▼▼▼
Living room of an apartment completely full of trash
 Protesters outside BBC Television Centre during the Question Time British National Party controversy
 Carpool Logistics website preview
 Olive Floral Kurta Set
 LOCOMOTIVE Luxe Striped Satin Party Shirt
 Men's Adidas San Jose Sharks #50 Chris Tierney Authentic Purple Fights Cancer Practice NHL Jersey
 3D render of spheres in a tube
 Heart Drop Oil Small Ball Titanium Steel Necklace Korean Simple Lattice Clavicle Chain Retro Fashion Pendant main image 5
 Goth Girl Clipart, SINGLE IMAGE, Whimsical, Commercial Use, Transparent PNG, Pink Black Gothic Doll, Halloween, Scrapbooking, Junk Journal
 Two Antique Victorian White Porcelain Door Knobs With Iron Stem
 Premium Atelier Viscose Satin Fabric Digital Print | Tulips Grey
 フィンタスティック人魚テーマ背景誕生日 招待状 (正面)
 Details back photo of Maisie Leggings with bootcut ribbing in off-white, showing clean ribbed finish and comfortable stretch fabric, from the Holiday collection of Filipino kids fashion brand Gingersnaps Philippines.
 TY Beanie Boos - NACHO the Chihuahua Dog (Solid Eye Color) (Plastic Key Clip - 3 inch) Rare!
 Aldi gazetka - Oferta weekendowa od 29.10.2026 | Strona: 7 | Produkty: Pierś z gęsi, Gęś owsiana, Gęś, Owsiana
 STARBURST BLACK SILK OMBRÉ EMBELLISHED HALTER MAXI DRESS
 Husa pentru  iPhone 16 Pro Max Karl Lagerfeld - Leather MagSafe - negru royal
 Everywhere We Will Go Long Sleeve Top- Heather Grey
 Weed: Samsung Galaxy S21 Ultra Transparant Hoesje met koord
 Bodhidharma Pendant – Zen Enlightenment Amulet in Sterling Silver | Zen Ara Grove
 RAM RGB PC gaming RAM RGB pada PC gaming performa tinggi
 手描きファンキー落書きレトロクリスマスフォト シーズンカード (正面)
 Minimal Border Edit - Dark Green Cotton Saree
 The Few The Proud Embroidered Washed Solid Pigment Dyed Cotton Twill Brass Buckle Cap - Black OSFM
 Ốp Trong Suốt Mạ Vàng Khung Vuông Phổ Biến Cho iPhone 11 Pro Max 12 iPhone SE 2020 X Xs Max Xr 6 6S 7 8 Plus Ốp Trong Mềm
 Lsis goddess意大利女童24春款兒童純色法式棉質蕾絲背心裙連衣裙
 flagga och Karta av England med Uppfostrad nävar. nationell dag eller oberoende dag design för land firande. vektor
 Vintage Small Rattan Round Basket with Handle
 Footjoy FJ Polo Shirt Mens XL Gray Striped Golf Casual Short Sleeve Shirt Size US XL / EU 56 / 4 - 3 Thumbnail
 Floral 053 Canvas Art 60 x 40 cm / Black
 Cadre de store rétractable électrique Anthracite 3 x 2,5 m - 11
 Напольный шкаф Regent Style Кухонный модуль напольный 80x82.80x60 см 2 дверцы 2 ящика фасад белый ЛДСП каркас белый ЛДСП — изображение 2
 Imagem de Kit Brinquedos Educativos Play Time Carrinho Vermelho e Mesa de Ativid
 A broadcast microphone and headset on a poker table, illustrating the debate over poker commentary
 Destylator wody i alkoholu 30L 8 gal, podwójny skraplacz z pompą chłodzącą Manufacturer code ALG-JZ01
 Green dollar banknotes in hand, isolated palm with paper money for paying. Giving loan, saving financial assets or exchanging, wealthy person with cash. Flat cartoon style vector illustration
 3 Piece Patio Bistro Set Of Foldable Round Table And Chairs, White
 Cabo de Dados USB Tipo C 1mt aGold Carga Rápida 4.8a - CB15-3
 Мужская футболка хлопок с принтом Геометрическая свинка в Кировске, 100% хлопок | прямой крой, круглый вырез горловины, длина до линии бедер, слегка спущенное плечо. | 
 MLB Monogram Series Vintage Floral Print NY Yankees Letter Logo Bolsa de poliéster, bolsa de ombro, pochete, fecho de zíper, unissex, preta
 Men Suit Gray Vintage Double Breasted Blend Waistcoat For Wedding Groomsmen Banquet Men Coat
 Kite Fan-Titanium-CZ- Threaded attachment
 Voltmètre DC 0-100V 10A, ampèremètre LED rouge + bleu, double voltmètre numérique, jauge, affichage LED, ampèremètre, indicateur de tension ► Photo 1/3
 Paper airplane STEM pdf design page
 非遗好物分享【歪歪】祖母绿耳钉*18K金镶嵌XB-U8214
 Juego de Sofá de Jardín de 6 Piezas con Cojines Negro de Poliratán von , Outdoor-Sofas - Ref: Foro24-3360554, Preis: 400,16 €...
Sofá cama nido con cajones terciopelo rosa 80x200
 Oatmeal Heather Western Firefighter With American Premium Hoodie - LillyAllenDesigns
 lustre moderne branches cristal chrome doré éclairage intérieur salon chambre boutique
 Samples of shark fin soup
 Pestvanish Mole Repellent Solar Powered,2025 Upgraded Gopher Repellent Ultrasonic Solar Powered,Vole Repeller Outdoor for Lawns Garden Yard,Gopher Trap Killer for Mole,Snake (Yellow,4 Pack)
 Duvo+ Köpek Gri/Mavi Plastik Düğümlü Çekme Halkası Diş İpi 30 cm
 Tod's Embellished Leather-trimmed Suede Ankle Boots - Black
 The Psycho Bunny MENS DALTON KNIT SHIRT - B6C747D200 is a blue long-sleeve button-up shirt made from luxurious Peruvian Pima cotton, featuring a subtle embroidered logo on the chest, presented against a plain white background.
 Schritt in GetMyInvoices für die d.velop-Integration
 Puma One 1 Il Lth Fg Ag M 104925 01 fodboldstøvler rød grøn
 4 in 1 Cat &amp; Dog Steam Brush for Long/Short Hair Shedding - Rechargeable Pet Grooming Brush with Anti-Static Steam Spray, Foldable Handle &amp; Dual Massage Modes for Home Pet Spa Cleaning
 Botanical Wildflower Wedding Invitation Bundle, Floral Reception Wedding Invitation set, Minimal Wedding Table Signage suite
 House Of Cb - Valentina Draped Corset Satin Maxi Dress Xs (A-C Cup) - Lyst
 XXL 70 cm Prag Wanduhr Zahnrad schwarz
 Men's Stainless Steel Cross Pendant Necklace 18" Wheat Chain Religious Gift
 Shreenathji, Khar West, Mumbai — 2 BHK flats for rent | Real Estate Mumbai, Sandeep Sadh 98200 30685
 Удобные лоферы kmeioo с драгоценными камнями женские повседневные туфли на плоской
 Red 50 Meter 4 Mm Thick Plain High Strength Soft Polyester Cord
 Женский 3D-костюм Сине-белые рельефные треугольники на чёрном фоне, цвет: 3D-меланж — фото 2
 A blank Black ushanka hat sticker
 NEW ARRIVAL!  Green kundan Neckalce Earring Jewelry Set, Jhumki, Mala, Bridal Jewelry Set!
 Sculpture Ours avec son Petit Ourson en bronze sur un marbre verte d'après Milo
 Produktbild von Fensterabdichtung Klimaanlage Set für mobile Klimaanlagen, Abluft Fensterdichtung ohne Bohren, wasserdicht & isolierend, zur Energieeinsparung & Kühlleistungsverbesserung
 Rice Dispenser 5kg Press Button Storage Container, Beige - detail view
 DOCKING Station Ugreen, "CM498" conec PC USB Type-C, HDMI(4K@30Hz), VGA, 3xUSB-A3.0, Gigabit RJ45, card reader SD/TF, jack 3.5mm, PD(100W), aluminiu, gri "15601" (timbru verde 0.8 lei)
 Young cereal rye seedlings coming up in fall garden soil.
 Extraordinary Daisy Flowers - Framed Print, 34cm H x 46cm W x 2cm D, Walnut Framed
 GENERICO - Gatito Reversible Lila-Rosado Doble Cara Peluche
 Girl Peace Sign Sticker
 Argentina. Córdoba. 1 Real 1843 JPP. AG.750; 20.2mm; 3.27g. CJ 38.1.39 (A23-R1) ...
▲▲▲
* AIM OF THE EXERCISE *
Go through the material above and report each line containing "Gray".

* PROBLEM SOLUTION *
 Footjoy FJ Polo Shirt Mens XL Gray Striped Golf Casual Short Sleeve Shirt Size US XL / EU 56 / 4 - 3 Thumbnail
 Men Suit Gray Vintage Double Breasted Blend Waistcoat For Wedding Groomsmen Banquet Men Coat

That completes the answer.